## YOUR GOAL:
Could you transcribe exactly the lines below, from the line with "Для Blackview Max 1 чехол" through the line with "classic Lotus Elite", and nothing else, leaving out the pictures?

Segment Start: RECORD EXTRACTS

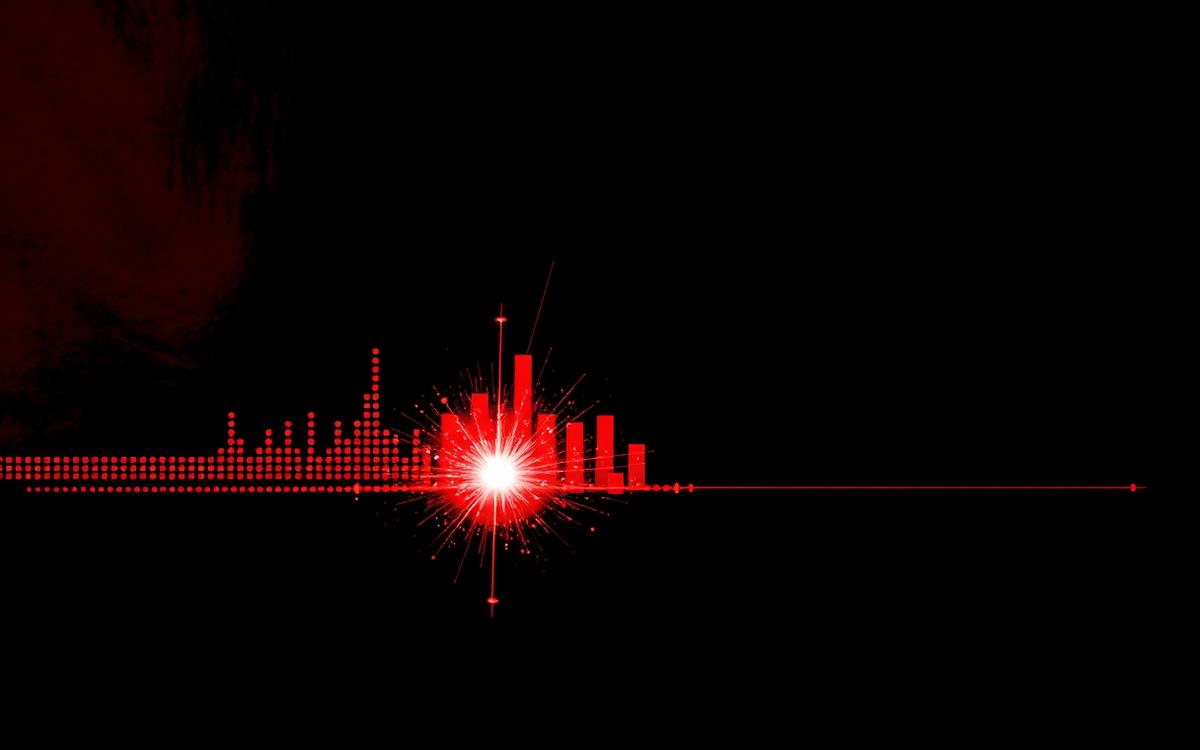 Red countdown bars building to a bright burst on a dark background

Segment End: RECORD EXTRACTS
Segment Start: RECORD EXTRACTS

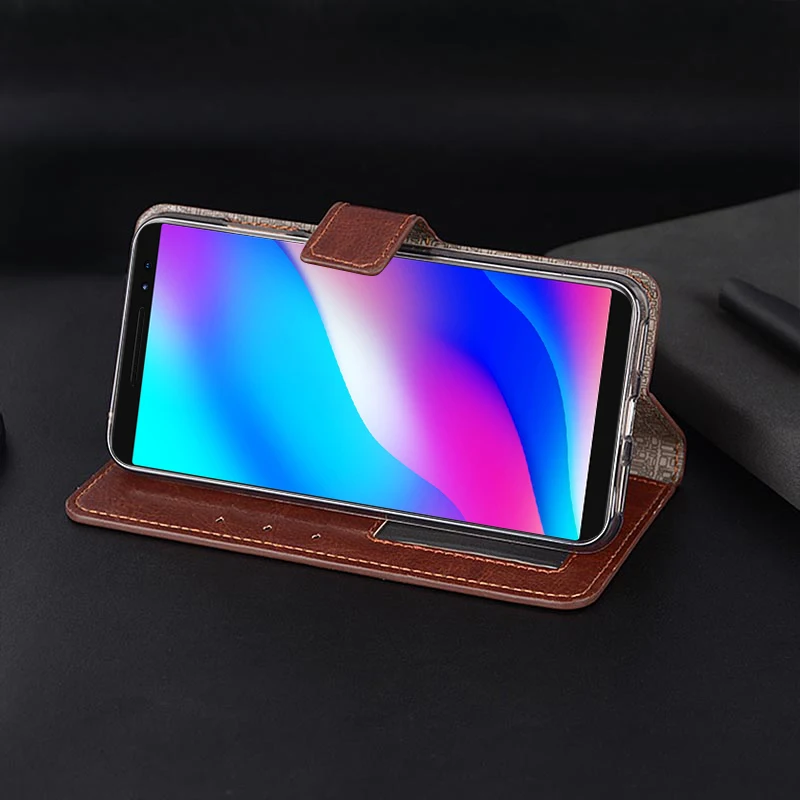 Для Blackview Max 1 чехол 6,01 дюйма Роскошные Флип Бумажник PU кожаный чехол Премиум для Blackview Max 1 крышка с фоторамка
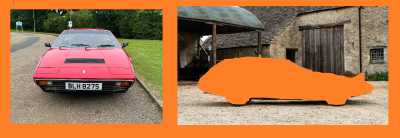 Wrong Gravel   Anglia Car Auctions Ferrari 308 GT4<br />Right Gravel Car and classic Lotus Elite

Segment End: RECORD EXTRACTS

## COMPLETED TASK:
 Для Blackview Max 1 чехол 6,01 дюйма Роскошные Флип Бумажник PU кожаный чехол Премиум для Blackview Max 1 крышка с фоторамка
 Wrong Gravel   Anglia Car Auctions Ferrari 308 GT4<br />Right Gravel Car and classic Lotus Elite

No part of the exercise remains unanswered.